* Work to complete
Your copy should repeat the data that follows exactly and contain no image.

* Recorded information
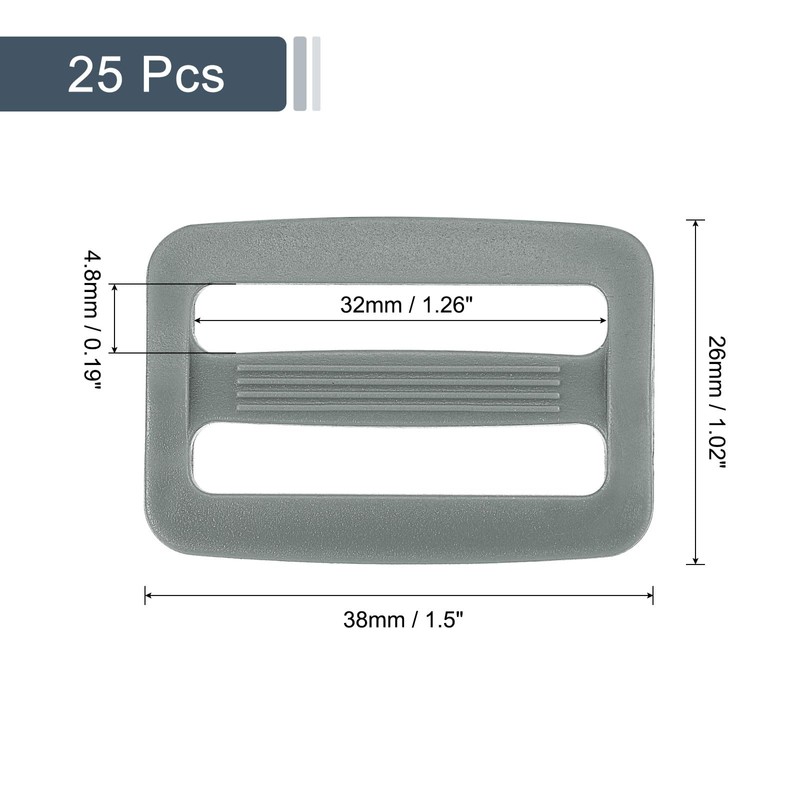 sourcing map 25Pcs Plastic Slide Buckle, 1" Tri-Glides Slides, Adjustable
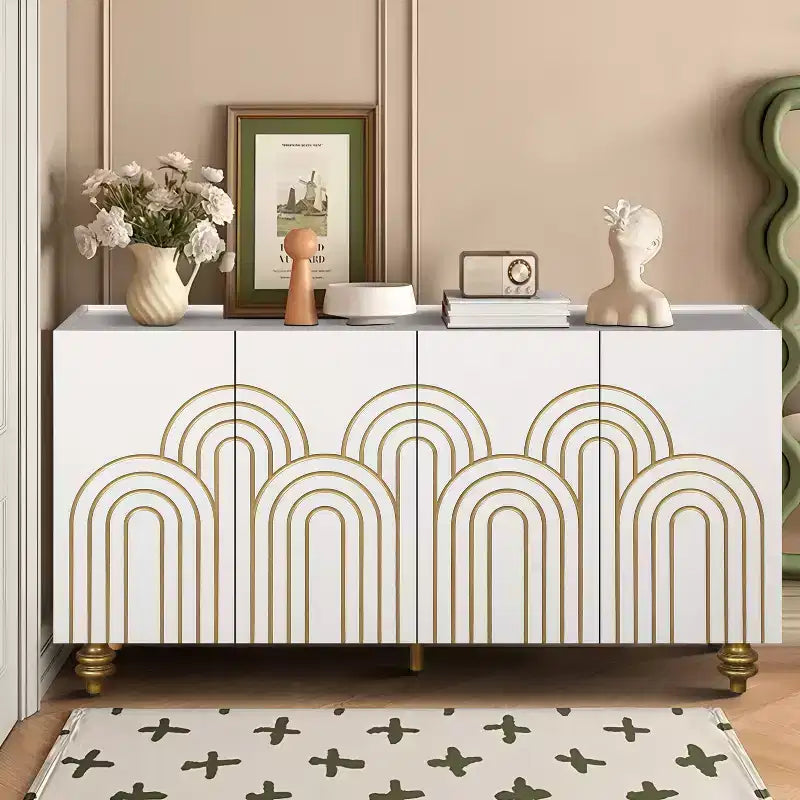 Okak Elegent Sideboard Cabinet, Bufft Cabinet with 4 Doors and 4 Shelves, Storage Cabinet for Living Room, Dining Room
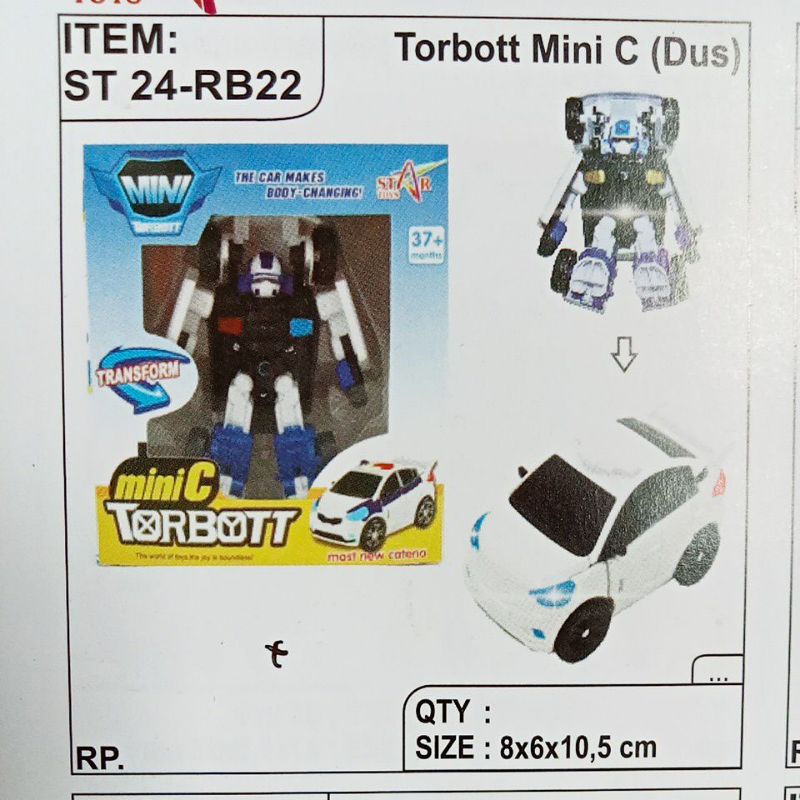 ST24-RB22 Mainan Robot Torbott Tobbot Sedan Police Mini C ST24 - RB22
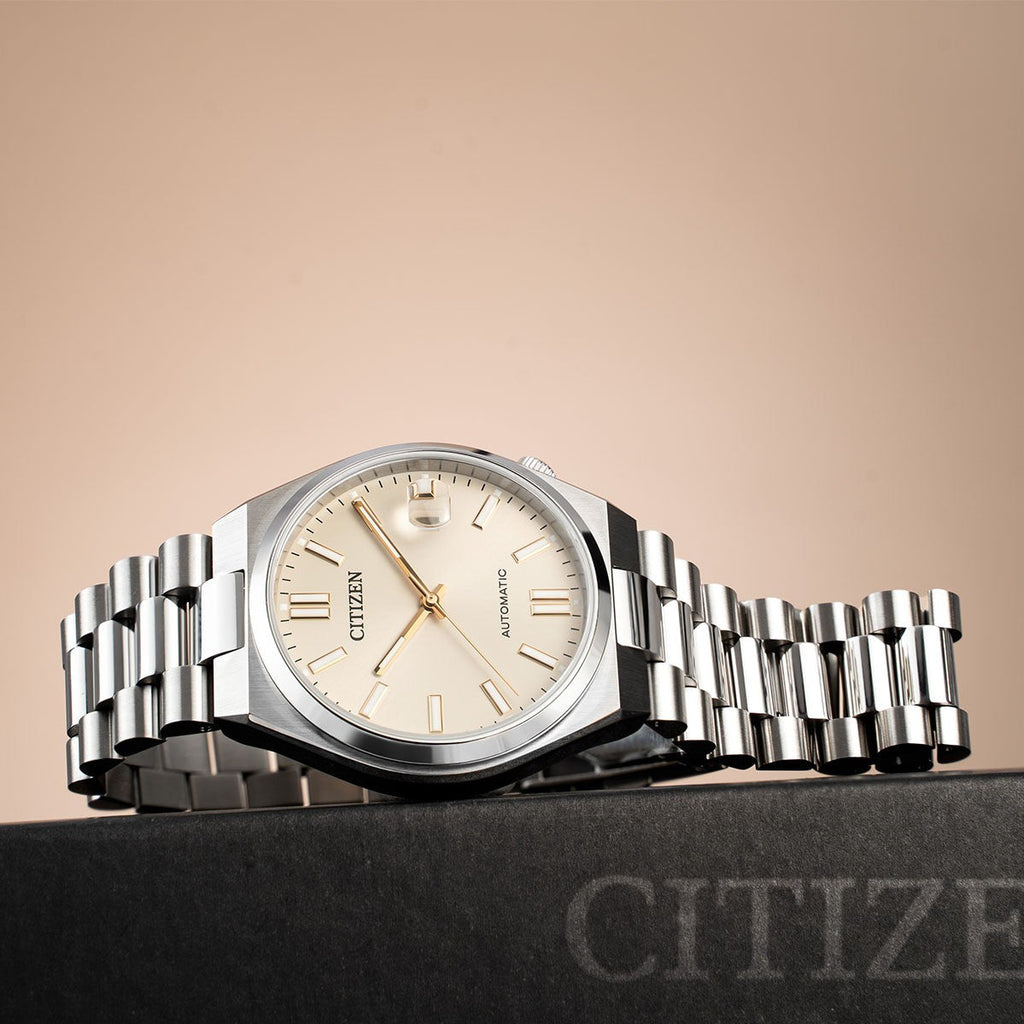 Citizen Tsuyosa NJ0151-88W Men's Automatic Watch – Oatmeal White Dial with Silver Steel Strap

* Answer area
 sourcing map 25Pcs Plastic Slide Buckle, 1" Tri-Glides Slides, Adjustable
 Okak Elegent Sideboard Cabinet, Bufft Cabinet with 4 Doors and 4 Shelves, Storage Cabinet for Living Room, Dining Room
 ST24-RB22 Mainan Robot Torbott Tobbot Sedan Police Mini C ST24 - RB22
 Citizen Tsuyosa NJ0151-88W Men's Automatic Watch – Oatmeal White Dial with Silver Steel Strap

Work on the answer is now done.